Training: Residency in surgery, Peter Bent Brigham Hospital, Boston; research fellowship in immunology, Harvard Medical School; clinical associate, Immunology Branch, NCI

Came to NIH: In 1970–1972 for training; returned in 1974 as chief of NCI’s Surgery Branch

Thoughts on working at NIH: The NIH Clinical Center remains the world’s greatest research hospital, marrying clinical and basic research. “We provide the best available care but our mandate is not only to practice the best of today’s medicine but to create the medicine of tomorrow.”

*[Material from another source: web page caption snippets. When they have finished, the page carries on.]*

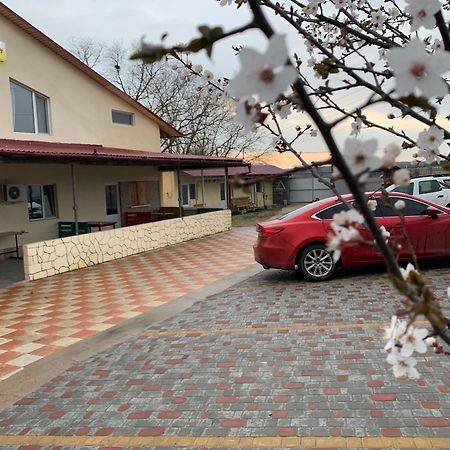 Гостиный Дом Comfort Reni Exterior photo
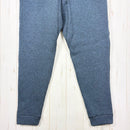 【Men's M ブルー系】 Rokx ( ロックス ) ザ グース パンツ The Goose Pant RXMF191067 LIGHT INDIGO z00056163 LIGHT INDIGO フリース ロングパンツ ボトムス ウェア-3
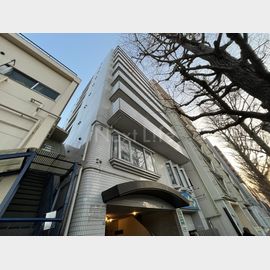 西八王子駅より徒歩7分 10階 築38年8ヶ月の賃貸物件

Competition: His whole lab is invited (and usually attends) rounds every Monday at 7:30 a.m. Clinical rounds provide fellows with an opportunity to see the clinical application of their research and to keep their efforts in perspective. There’s nothing like seeing patients who hope you have the cure they’ve been waiting for to motivate researchers to push their work to the next level. It’s also a reminder that the squabbling among rival labs shouldn’t weigh on researchers. “Competition seems silly when there’s so much human suffering; there is no sense of competition except against the disease: cancer.”

Outside interests: Enjoys spending time with his family

Family: Has three daughters: One is an attending physician in Emergency Medicine at Temple University Hospital (Philadelphia); one is a life coach in Los Angeles; and one is a bear biologist in Alaska. His wife recently retired after 50 years as a nurse, much of it working with HIV-infected patients.